X = BANK_DATA.drop('Exited', axis=1)
y = BANK_DATA.Exited

# Modeling

In [None]:
# Import different models 
from sklearn.svm import SVC
from sklearn.linear_model import LogisticRegression
from sklearn.ensemble import AdaBoostClassifier, GradientBoostingClassifier, RandomForestClassifier
from sklearn.neighbors import KNeighborsClassifier
from sklearn.model_selection import train_test_split
# Scoring function
from sklearn.metrics import roc_auc_score, roc_curve

**Train-test Split :**

In [None]:
# Splitting the dataset in training and test set
# 75% of data for training purpose
# Remaining 25% of data is use to check the training accuracy of our trained model.
X_train, X_test, y_train, y_test = train_test_split(X, y, test_size = 0.25)
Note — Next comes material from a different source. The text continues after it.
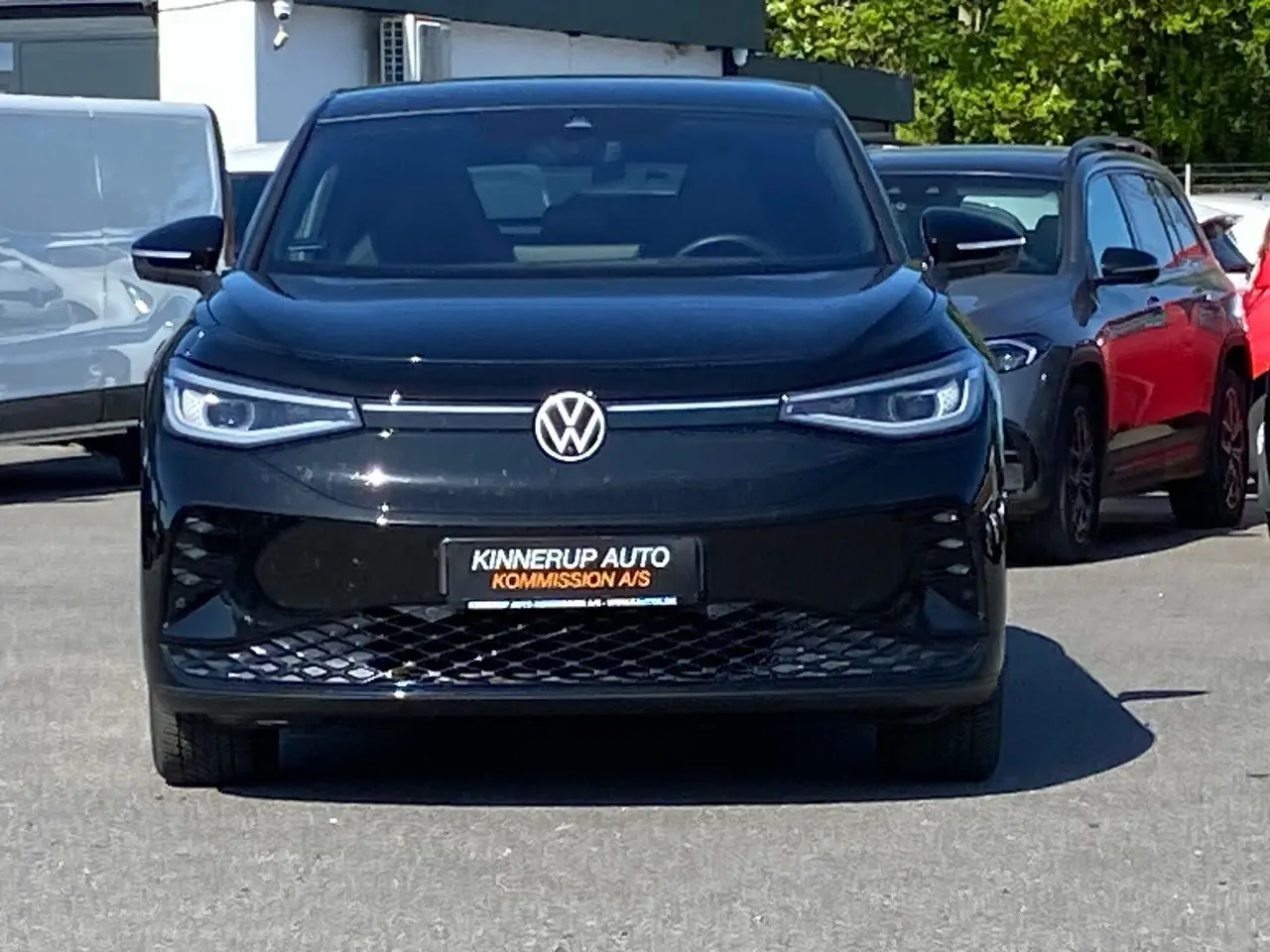 Billede 7 - VW ID.5 EL GTX Max 4Motion 340HK 5d Aut.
**K-Nearest Neighbour ( KNN ) :**

In [None]:
# Initialization of the KNN
knMod = KNeighborsClassifier(n_neighbors = 5, weights = 'uniform', algorithm = 'auto', leaf_size = 30, p = 2,
                             metric = 'minkowski', metric_params = None)
# Fitting the model with training data 
knMod.fit(X_train, y_train)

***Logistic Regression ( LR ) :***

In [None]:
# Initialization of the Logistic Regression
lrMod = LogisticRegression(penalty = 'l2', dual = False, tol = 0.0001, C = 1.0, fit_intercept = True,
                            intercept_scaling = 1, class_weight = None, 
                            random_state = None, solver = 'liblinear', max_iter = 100,
                            multi_class = 'ovr', verbose = 2)
# Fitting the model with training data 
lrMod.fit(X_train, y_train)

**Random Forest ( RF ) :**

In [None]:
# Initialization of the Random Forest model
rfMod = RandomForestClassifier(n_estimators=10, criterion='gini')
# Fitting the model with training data 
rfMod.fit(X_train, y_train)

**Model Accuracy Computation :**

**KNN :**

In [None]:
# Compute the model accuracy on the given test data and labels
knn_acc = knMod.score(X_test, y_test)
# Return probability estimates for the test data
test_labels = knMod.predict_proba(np.array(X_test.values))[:,1]

**LR :**

In [None]:
# Compute the model accuracy on the given test data and labels
lr_acc = lrMod.score(X_test, y_test)
# Return probability estimates for the test data
test_labels = lrMod.predict_proba(np.array(X_test.values))[:,1]

**RF :**

In [None]:
# Compute the model accuracy on the given test data and labels
rf_acc = rfMod.score(X_test, y_test)
# Return probability estimates for the test data
test_labels = rfMod.predict_proba(np.array(X_test.values))[:,1]

# Evaluation

In [None]:
models = ['KNN', 'Logistic Regression', 'Random Forest']
accuracy = [knn_acc, lr_acc, rf_acc]

d = {'Accuracy': accuracy}
df_metrics = pd.DataFrame(d, index = models)
df_metrics

Based on the result above, we can see that **RF** has the highest accuracy among all of the models. Followed by **LR** and lastly the **KNN** which has the lowest accuracy.

# Conclusion 

For conclusion, based on the result above, we have achieve our objectives. During the Data Understanding, we found out that customer from country Germany are the most churned. Female customer are more likely to churn compare to male customer. Customer that only using one product are the most churned. Other than that, credit card holder of the bank customer has higher churning rate compare to non credit card holder. Lastly, we also found that inactive member have greater churning rate than active member. 

For the prediction models we tested above, the best model that produce highest accuracy is Random Forest ( RF ) with about accuracy of 85%. Thus, the RF is the best prediction models for predicting whether a customer will churn or not churn.